Bankruptcy can be a useful legal tool for Georgia residents who are facing insurmountable debts and who are without the means of paying them off. Particularly, Chapter 7 bankruptcy may be an option for those whose income does not preclude them from using the liquidation process to pay off their creditors and settle their debts. Though there are other legal and financial considerations that individuals should make before filing for bankruptcy, Chapter 7 can be a good path for some who have few other options for controlling their debts.
While Chapter 7 bankruptcy can be useful for many, readers should be aware that it will not eliminate all possible debts. There are certain obligations that cannot be undone by the bankruptcy process, and this post will address several of them. Readers are reminded that this post is informational only and that they should seek professional guidance when it comes their specific case.
Debts that are incurred from court orders generally are not dischargeable through Chapter 7 bankruptcy. For example, child support delinquencies or alimony debts may not be erased by filing for Chapter 7 bankruptcy. Also, debts that are not included in the debtor's bankruptcy filing may not be subject to the debtor's Chapter 7 discharge.

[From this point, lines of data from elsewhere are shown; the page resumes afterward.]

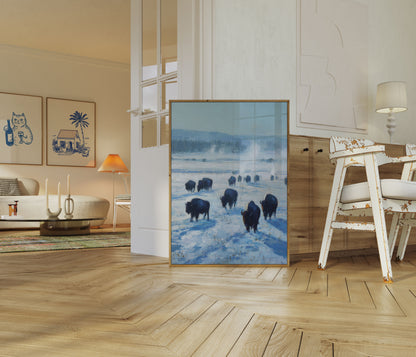 Bison Herd in Winter Landscape Poster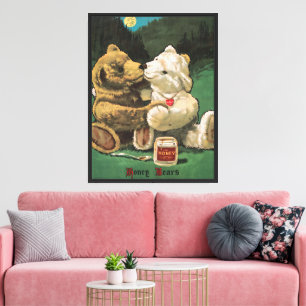 Lienzo Vintage victoriano Cottagecore Honey Bears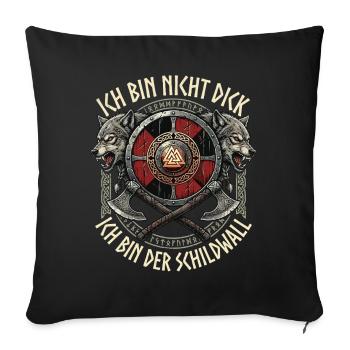 Wikinger, Ich Bin Der Schildwall, Odins Wölfe - Sofakissenbezug 45 x 45 cm - Schwarz - Vorne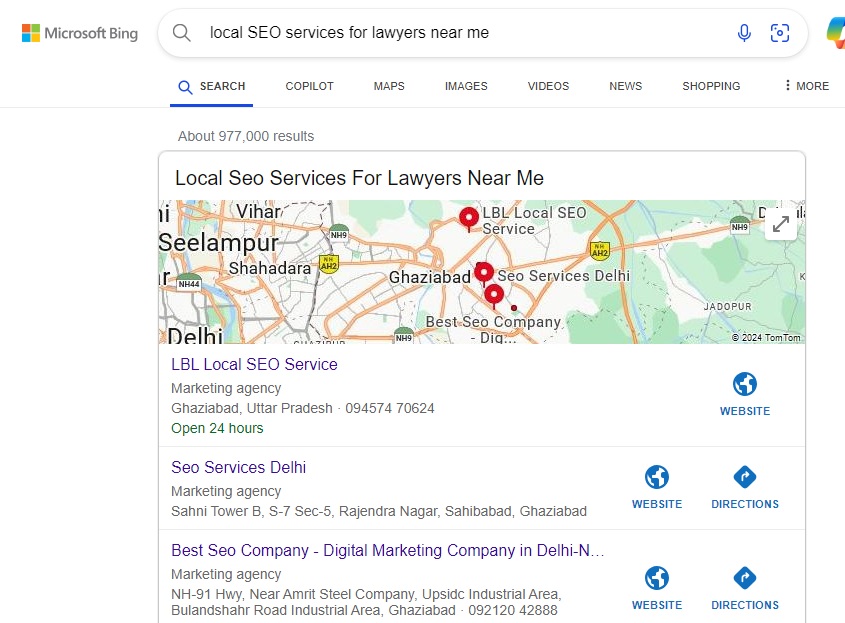 On bing local SEO results looks like this when people search lawyers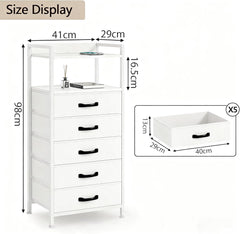 Chulovs Nightstand with 5 Storage Drawers, Tall Dresser for Bedroom, Side Table Nightstand for Closet, Fabric Bins, Metal Frame, and Wood Shelf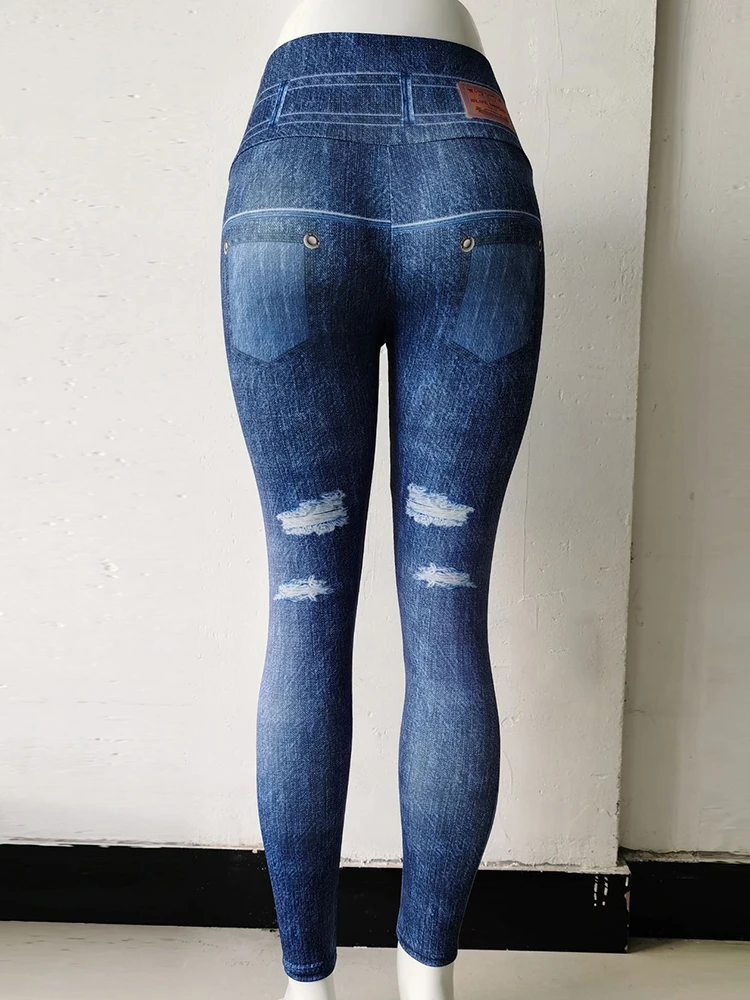 Booty Lifting Print Leggings pour femmes, Faux Jeans, Fitness Push Up, Dean M dehors Leggins, Workout Jeggings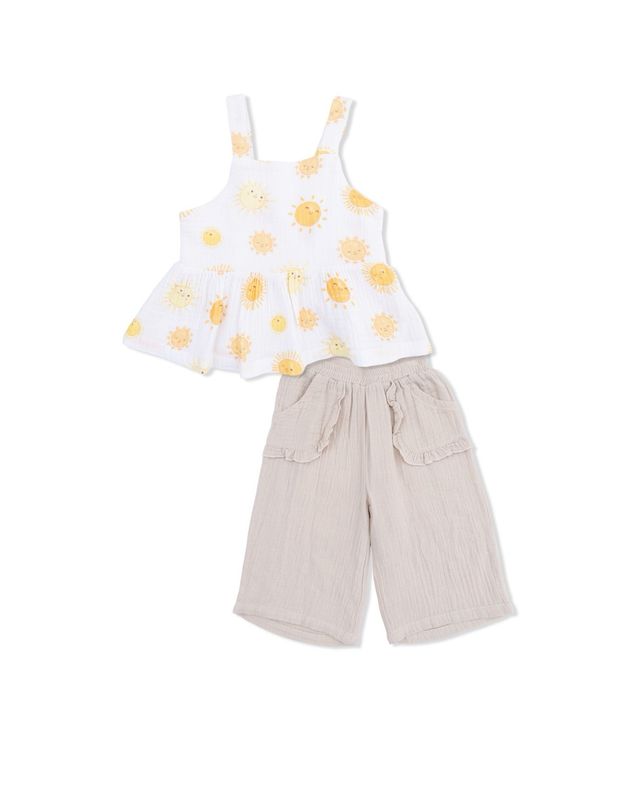 Happy Suns Peplum Tank With Wide Leg Shorts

Some tax obligations, student loans and court-imposed fines cannot be discharged through Chapter 7 bankruptcy. Additionally, any debts that could not be discharged in a prior bankruptcy may not be discharged in a subsequent Chapter 7 bankruptcy. Though Chapter 7 bankruptcy can help debtors achieve some level of financial freedom, all individuals should be aware that they may have some debts that survive the process and remain their obligations after their discharge has been granted.